Dalla Federazione Giovanile Comunista (FGC) di Cosenza arriva un forte grido d’allarme: con la pandemia, di fatto, i giovani delle classi popolari vengono sempre esclusi dall’istruzione. Oggi, in alcuni luoghi simbolo della città sono stati affissi cartelli per raccontare, ad un anno dallo scoppio della pandemia e dalla chiusura forzata delle scuole, la drammatica situazione di migliaia di studenti.
“Malgrado le numerose promesse fatte, gli studenti non hanno visto in alcun modo migliorare la propria condizione, i piccoli intervalli di riapertura, nelle forme della didattica mista, non hanno fatto altro che acuire il divario già manifestatosi nelle prime fasi della pandemia con i primi ricorsi alla DAD, precludendo agli studenti che seguono da casa la partecipazione attiva alle lezioni a causa di malfunzionamenti della linea scolastica e altre varie difficoltà – scrive oggi in un comunicato la FGC cosentina, che aggiunge – I problemi palesati, ormai un anno fa, rimangono gli stessi per una fetta larghissima della popolazione scolastica, che non può permettersi dispositivi e connessioni internet sufficientemente prestanti ed è irrimediabilmente lasciata indietro”.

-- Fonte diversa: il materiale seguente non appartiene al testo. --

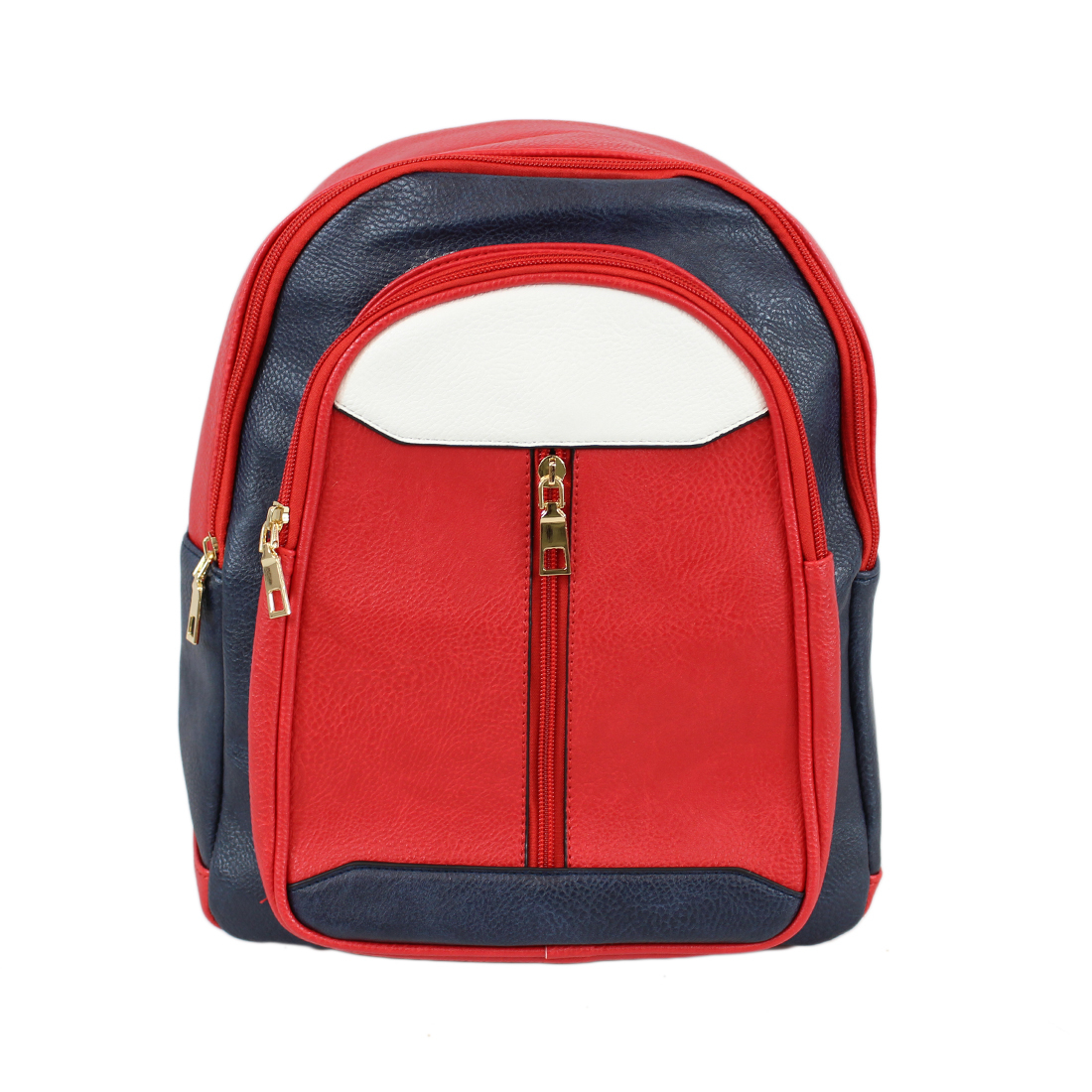 Zip in middle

La FGC sottolinea che “In Italia circa 34.000 studenti sono a rischio abbandono scolastico, numeri che aumentano esponenzialmente al sud, dove solo il 25% degli studenti è riuscito a seguire con costanza le lezioni online e dove una famiglia su tre non ha accesso ad internet a banda larga”.

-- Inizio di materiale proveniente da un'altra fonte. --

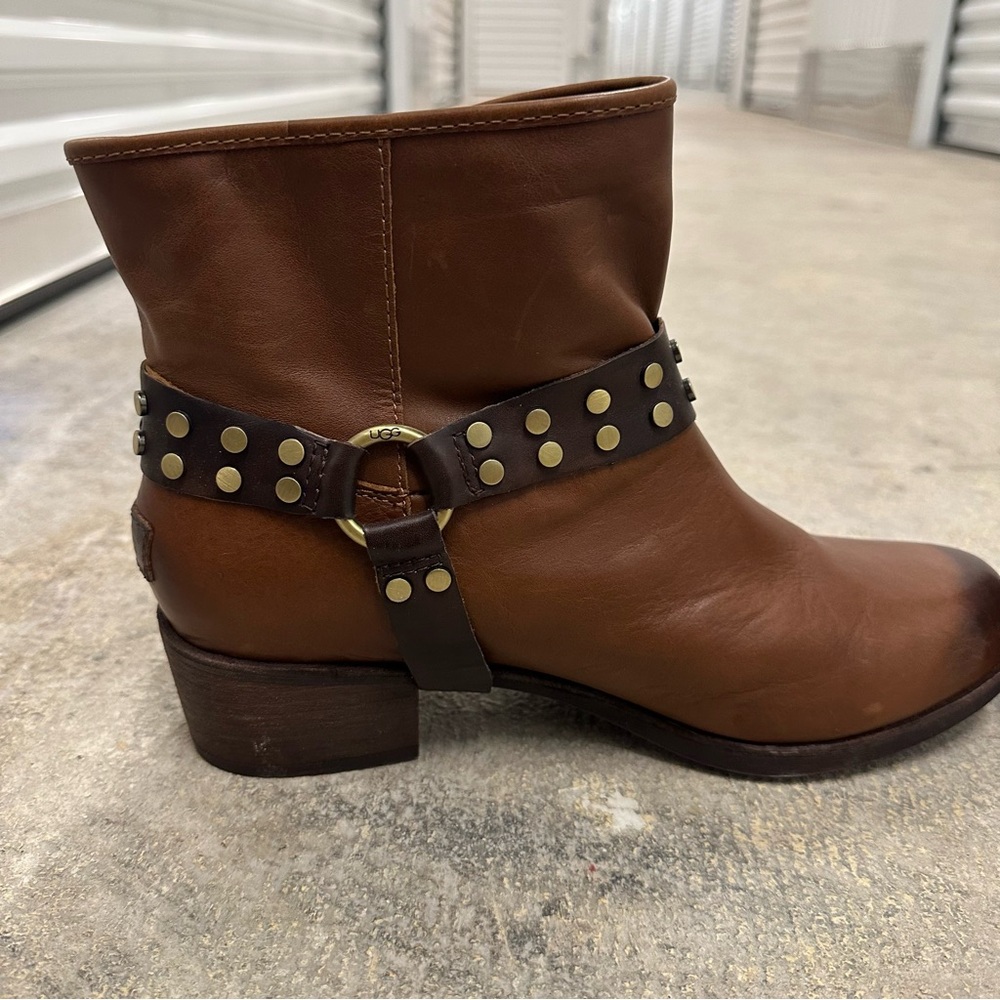 Brown Ugg Booties - image 7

Ma i disagi continuano anche nei turni in presenza, “con mezzi pubblici sovraffollati, che mettono a serio rischio la salute degli studenti pendolari i quali, una volta in classe, devono ancora fare i conti con le pessime condizioni in cui versano gli istituti scolastici, che spesso li sottopongono al rischio di contagiarsi”.
La situazione descritta – conclude la FGC – non è solo dovuta all’emergenza della pandemia, come molti vogliono farci credere, ma è il frutto di continui tagli alla scuola, perpetrati da tutti i governi che si sono susseguiti negli ultimi anni e delle continue riforme antipopolari, che hanno indirizzato l’istruzione pubblica verso una deriva aziendalistica.